- _Aim of the exercise_: Exactly reproduce the lines of the listing below from the one containing "Giày Converse One" through the one containing "brithday card with abstract squares - male". Skip the images.
_____
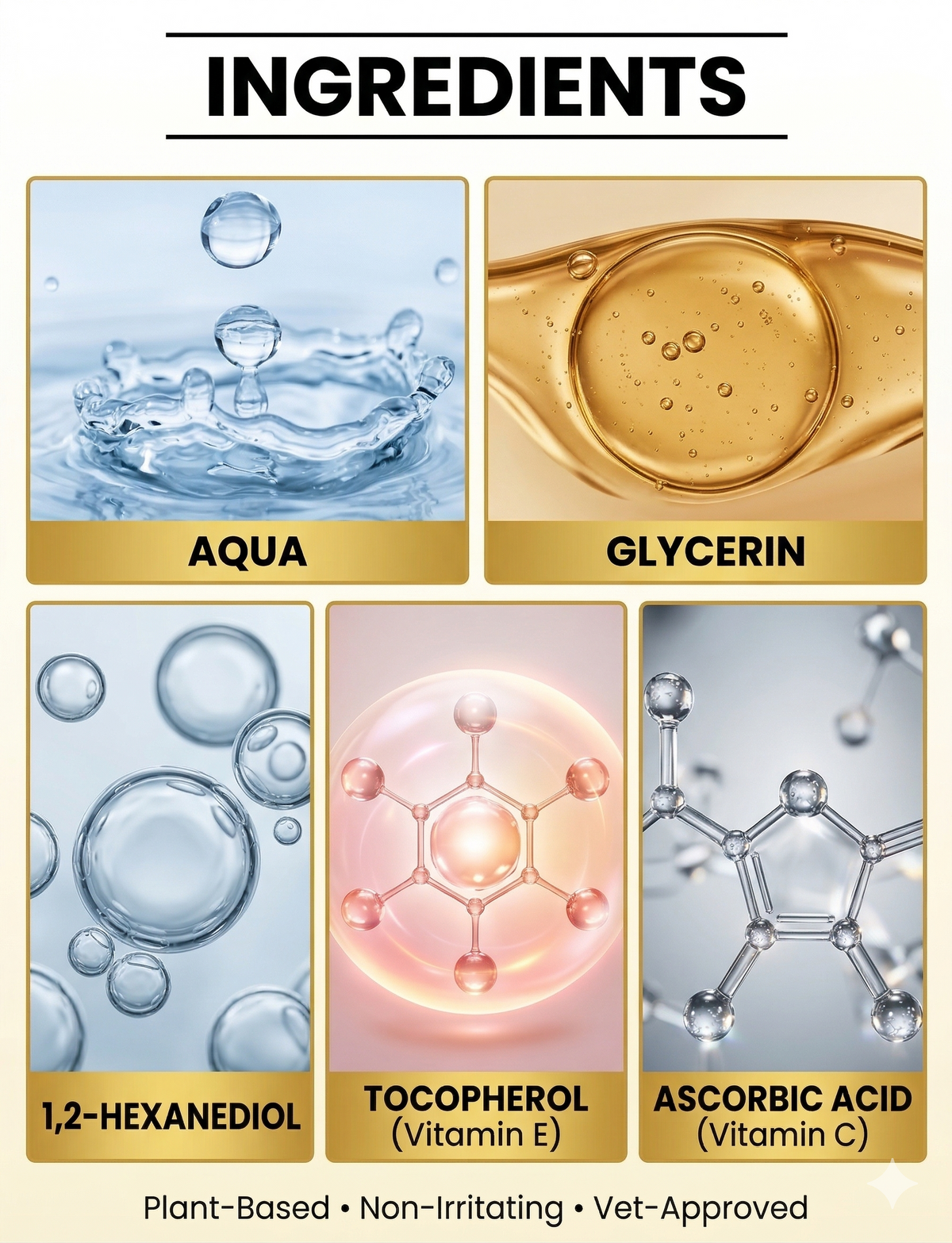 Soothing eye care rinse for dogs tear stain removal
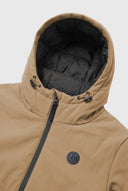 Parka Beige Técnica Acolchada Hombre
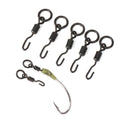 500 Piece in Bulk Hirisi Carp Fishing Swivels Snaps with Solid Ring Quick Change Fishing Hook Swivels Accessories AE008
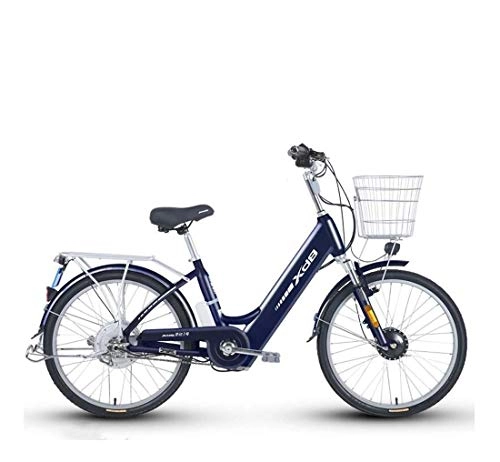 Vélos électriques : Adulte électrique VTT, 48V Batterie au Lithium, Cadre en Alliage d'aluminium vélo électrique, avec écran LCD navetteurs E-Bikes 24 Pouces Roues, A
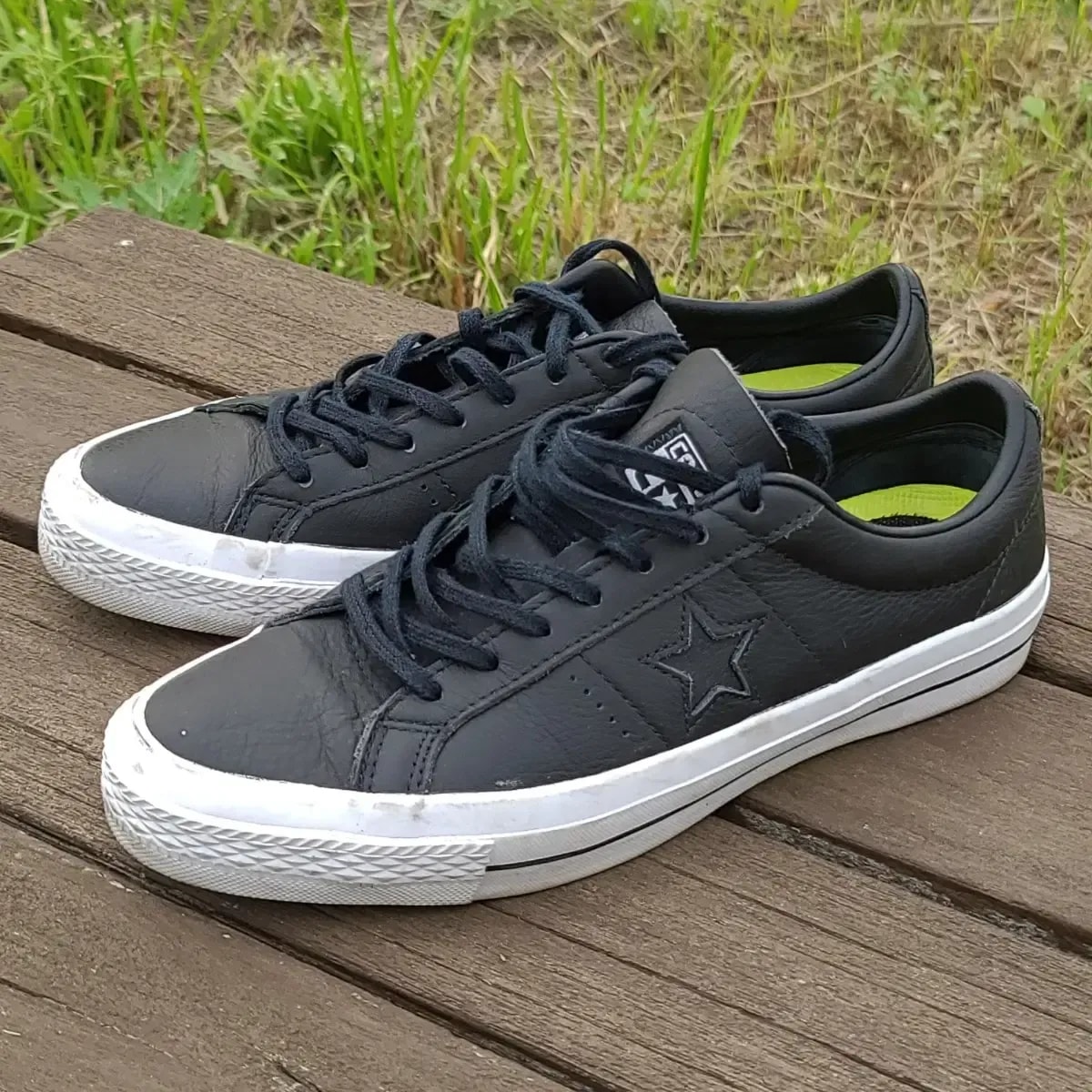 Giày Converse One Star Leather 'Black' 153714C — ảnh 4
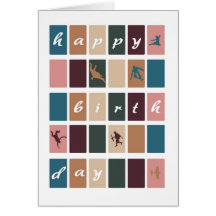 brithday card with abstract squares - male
_____
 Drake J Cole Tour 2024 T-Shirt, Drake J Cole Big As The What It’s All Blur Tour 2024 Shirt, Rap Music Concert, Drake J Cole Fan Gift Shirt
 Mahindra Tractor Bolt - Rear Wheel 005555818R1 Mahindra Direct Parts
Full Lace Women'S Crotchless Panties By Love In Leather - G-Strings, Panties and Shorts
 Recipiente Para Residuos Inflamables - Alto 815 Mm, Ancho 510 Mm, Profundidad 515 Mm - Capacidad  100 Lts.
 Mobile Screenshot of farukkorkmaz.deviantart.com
_____
- _Task result_:
 Giày Converse One Star Leather 'Black' 153714C — ảnh 4
 brithday card with abstract squares - male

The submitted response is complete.